RateWatch #247 - Is the Telecom Debacle a Prelude of Recession?
April 21, 2001
by Dick Lepre

What's Happening?

The bull market for bonds will end soon. If you want to refinance, the clock is ticking. The technical end of the bull market will likely occur at the end of this month. This will not be delayed by this week's Fed move.

On Wednesday the Fed announced a surprising out-of-cycle 50 basis point decrease in both the Fed Funds and Discount Rates. 

What is interesting about this move is that one would be disposed to think that the Fed is acting not to please Wall Street but because their view of the economic forecast is truly gloomy. The markets - both equities and bonds - need some time to digest this one.  The big question remains: what is the probability of recession?  Clearly, today's action by the Fed indicates that they are more concerned than they were a short while ago. 

Telecom Problems - A Prelude of Disaster?

Here are the Fed's own words explaining the move: "Nonetheless, capital investment has continued to soften and the persistent erosion in current and expected profitability, in combination with rising uncertainty about the business outlook, seems poised to dampen capital spending going forward. This potential restraint, together with the possible effects of earlier reductions in equity wealth on consumption and the risk of slower growth abroad, threatens to keep the pace of economic activity unacceptably weak. As a consequence, the Committee agreed that an adjustment in the stance of policy is warranted during this extended intermeeting period."

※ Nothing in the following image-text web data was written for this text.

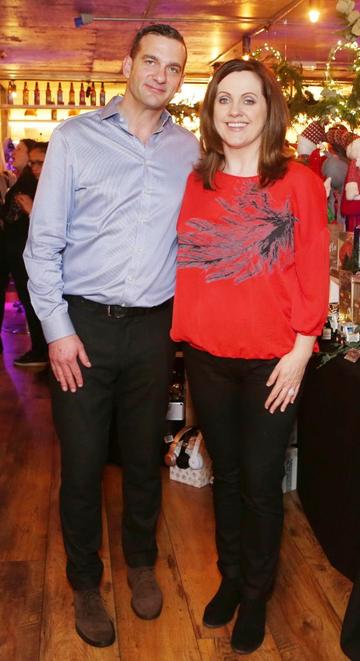 Pictured at the Amazing Aldi Christmas Showcase 2018 is Andrew Rudd and  Ruth Scott  Photo: Leon Farrell/Photocall Ireland
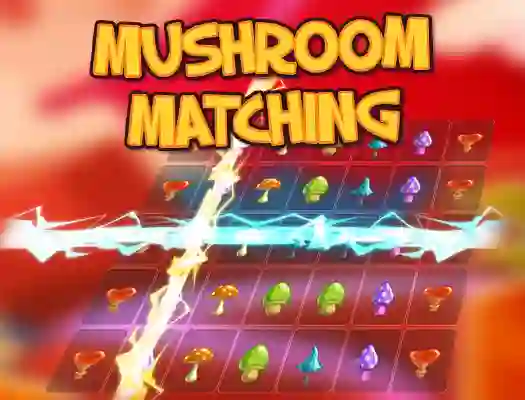 Permainan Mushroom matching talian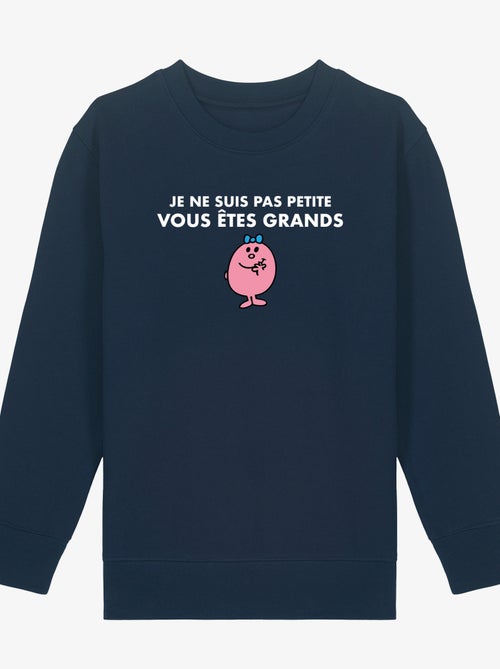 Sweat Enfant JE NE SUIS PAS PETITE VOUS ETES GRANDS - Kiabi Sweat Enfant JE NE SUIS PAS PETITE VOUS ETES GRANDS - Kiabi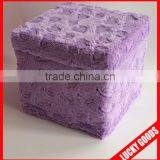 New Style Storage Box,useful Storage Box, Large Capacity Plush Storage Box thumbnail-1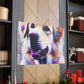 "Canine Elegance" - Canvas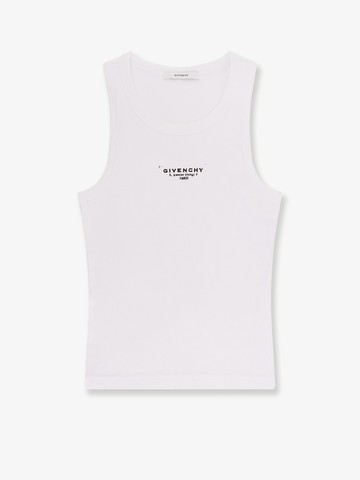 Cotton Tank Top - GIVENCHY - gender_Woman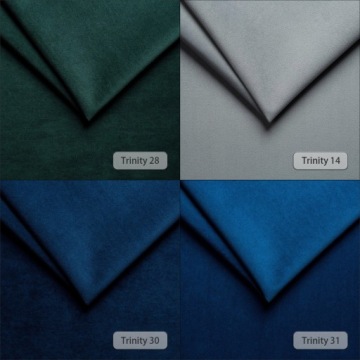 Образцы материалов, тестер материалов, цвета ткани для кроватей KARO MEBLE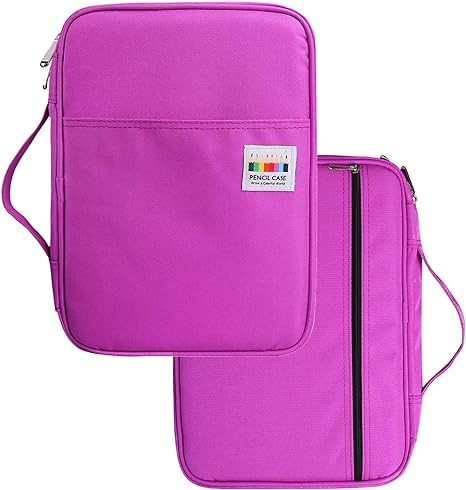 Estuche Para Lápices De Colorear, 220 ranuras para lápices/bolígrafos de gel  (No incluye artículos)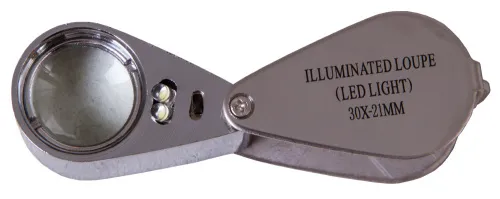 fotoğraf Levenhuk Zeno Gem M9 Büyüteç,  7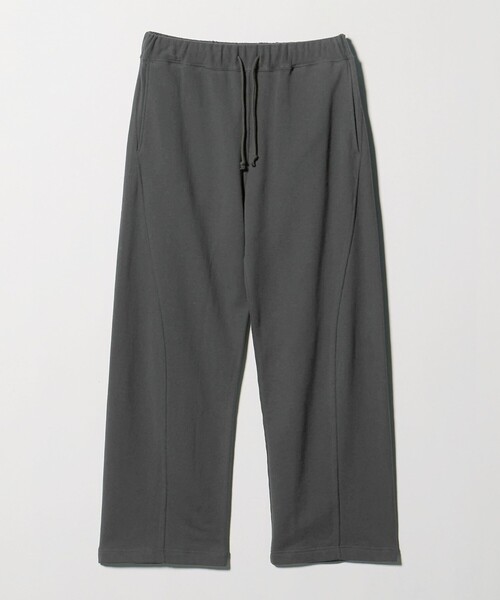 ワイドパンツ スウェットパンツ ジャージ 「UNITED ARROWS ＆ SONS」 SWEAT TROUSERS/スウェットパンツ メンズの画像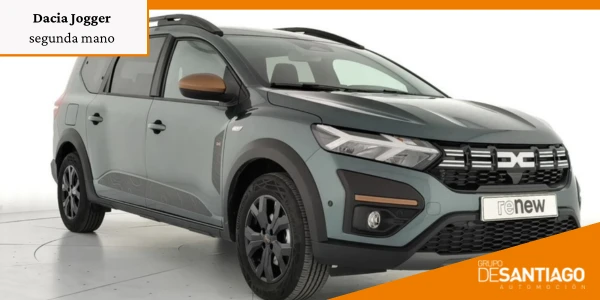 Dacia Jogger de ocasión en Grupo de Santiago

The most obvious sector that has been hammered is telecommunications. Companies like Cisco, Lucent and Nortel have been hit hard.  This as a sector that has some inherent problems.  Infrastructure is expensive.  Companies had invested in high-speed lines only to see the prices of such lines plummet.  The price, for example, of a DS-3 line has dropped by 50%.  This has had a lot of ugly repercussions.  First of all it is not producing the necessary cash flow.  Another effect is that some ISP's got locked into contracts at above market prices and found that they could no longer compete.

The dot-com fallout has had an effect of these companies. The demand for their switches and routers has fallen precipitously. In addition, they were doing business with companies that were, to put it politely, shaky.  Cisco, Lucent and Nortel all provided credit to their clients who may not have been able to get it from a bank.  Now they are faced with the potential of holding bad debt.

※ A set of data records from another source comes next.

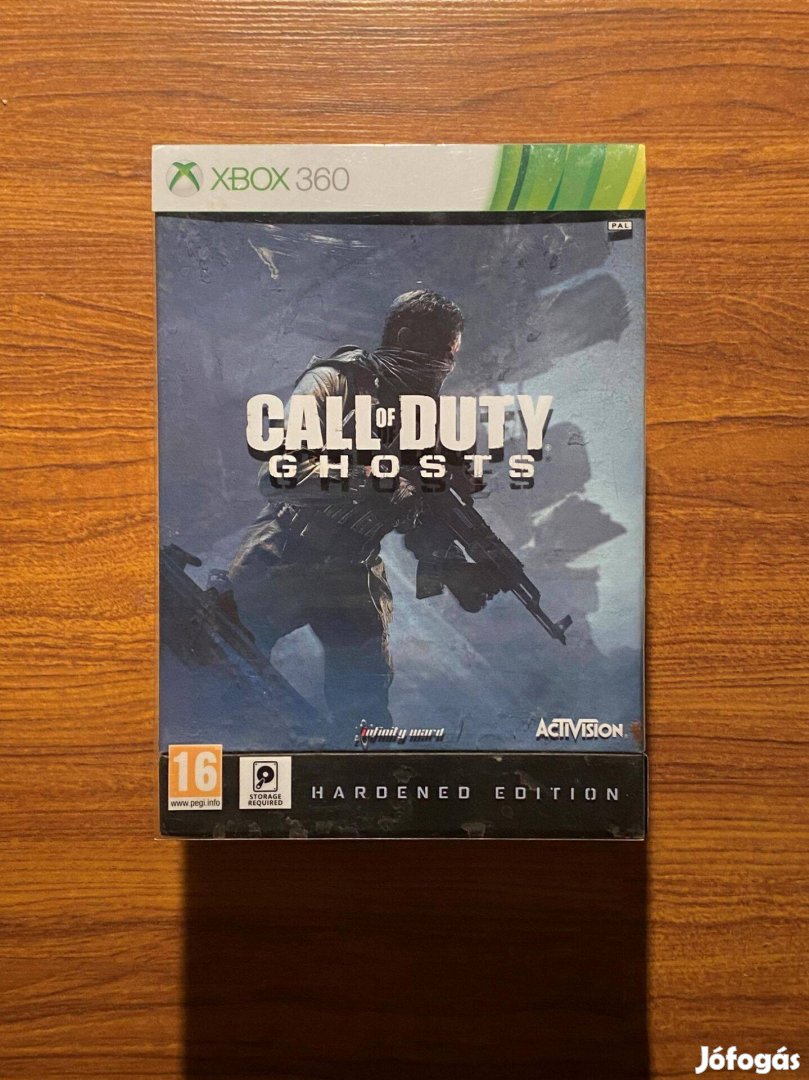 Call of Duty Ghosts Hardened Edition Xbox 360 játék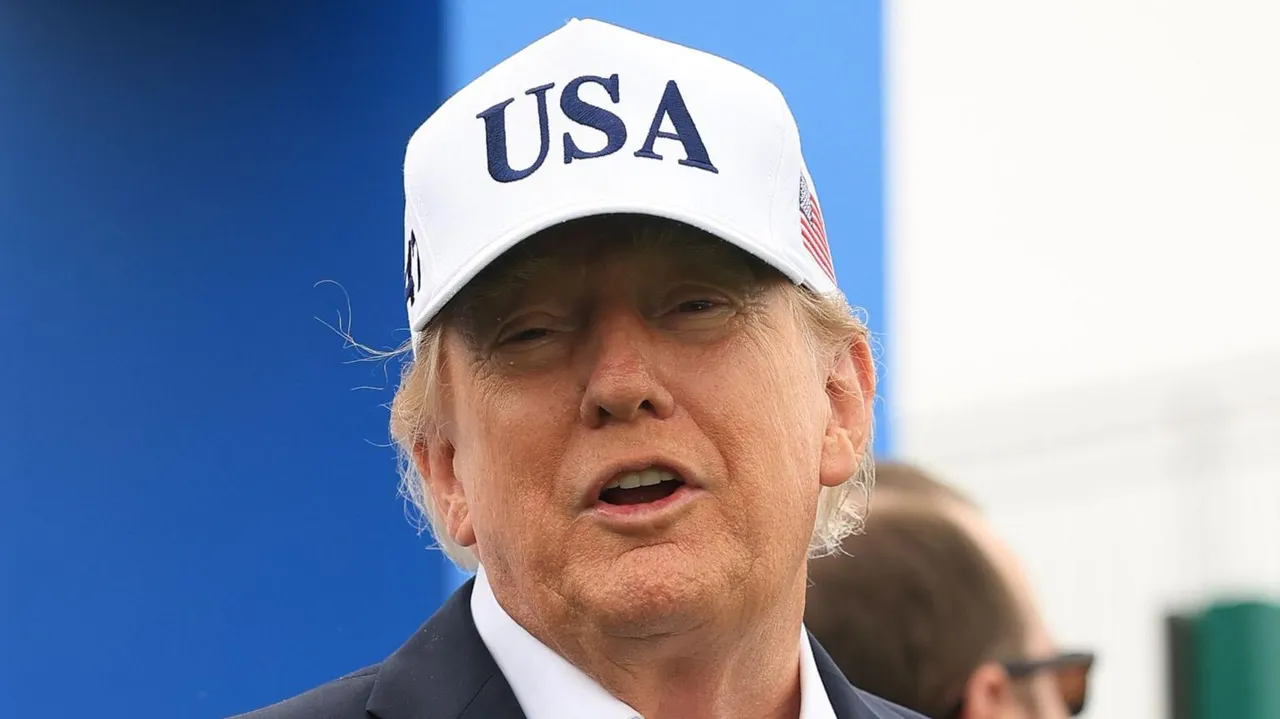 Trump Doubles Down on United Ireland Comments on Day Two of Visit to Doonbeg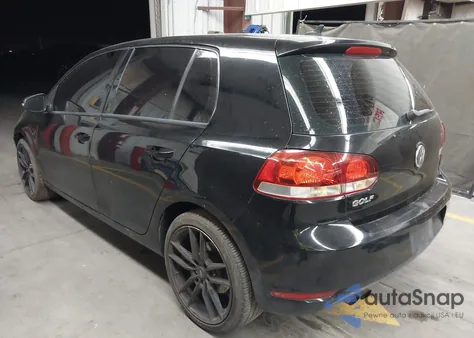 2014 Volkswagen Golf 2.5L from USA, damaged, VIN WVWDB7AJ5EW003072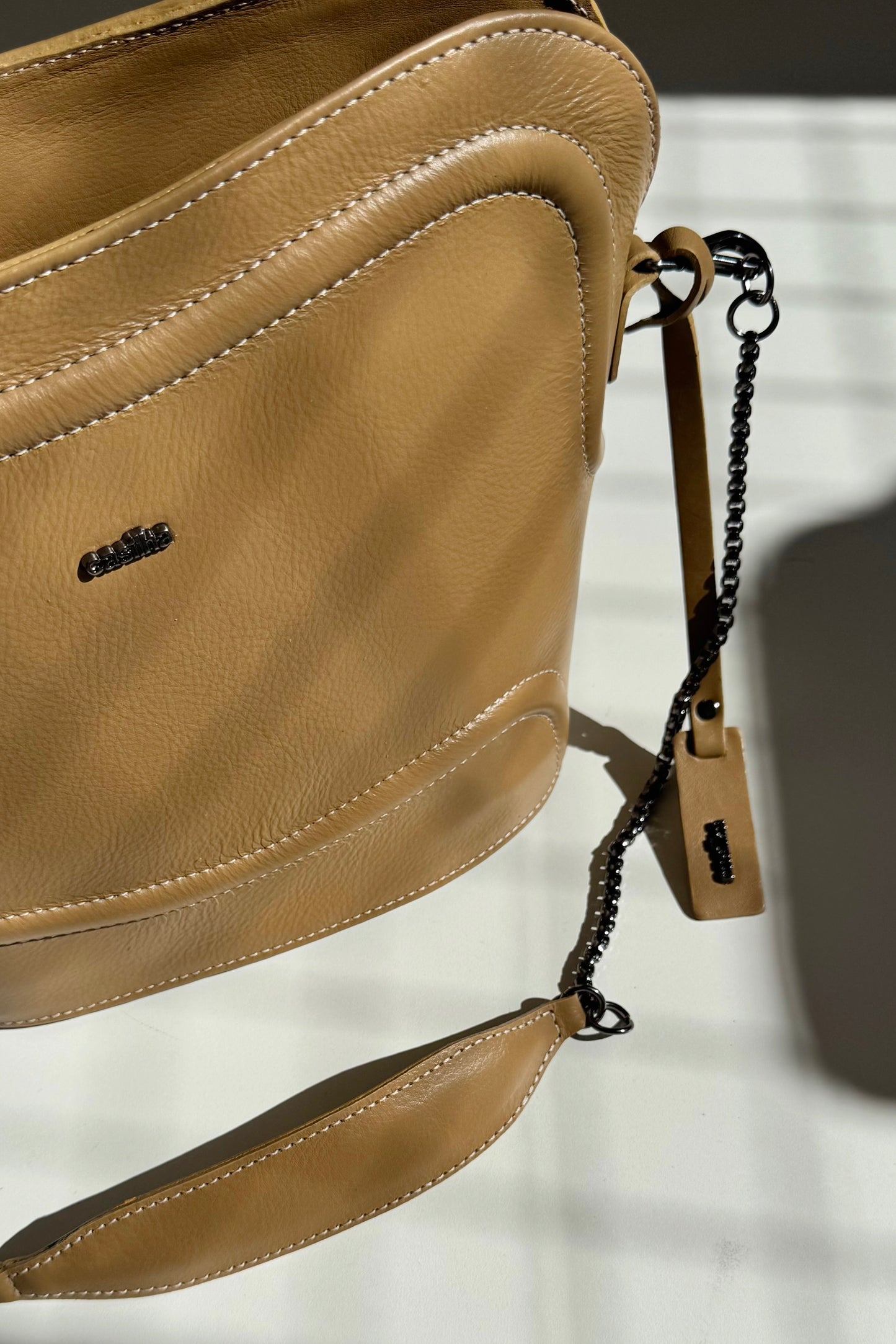 BOLSA LINHAS - oliva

Cisco announced this past Monday that is was taking a $2.5 Billion write-off in the value of its inventory. 70% of this write-down was related to the service provider business -- a failure to get orders from cash-starved phone and Internet access companies. This serves as a nasty reminder that high-tech equipment - though not as prone to spoiling as produce - can have an extremely short shelf life. Cisco,caught in the spot of fearing that it would get behind in its deliveries, decided to make forward commitments to purchase components.  The market dried up rapidly and they are "caught holding the bag".  Only problem is that the bag contains minus $2.5 billion.

In a sense, Cisco was not so much a victim of the slowdown but of the rapid rise in demand. The feel-good message of Cisco's success was pervasive.  Cisco became a daily leader in equity trading volume and had a market cap of some $600 billion.

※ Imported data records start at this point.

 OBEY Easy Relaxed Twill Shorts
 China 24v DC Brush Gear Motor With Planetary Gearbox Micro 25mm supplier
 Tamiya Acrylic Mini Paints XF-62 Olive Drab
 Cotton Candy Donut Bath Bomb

A problem that exists is that the dampened capital spending that the Fed alludes in regards to the telecommunications industry is not going to be helped by a 0.5% reduction in the Fed funds target. The real issue is "when, if ever, will demand pick up again"?

The Bigger Issue

This leads to the bigger issue of the whole economy.  It's all about demand.  The Fed now needs to keep the public confident enough that they do not stop spending.  If they can pull that off then we will avoid recession.  The telecom companies may be hurting because no one is buying routers but this does not imply that individuals are going to stop buying cars, clothes and DVD players.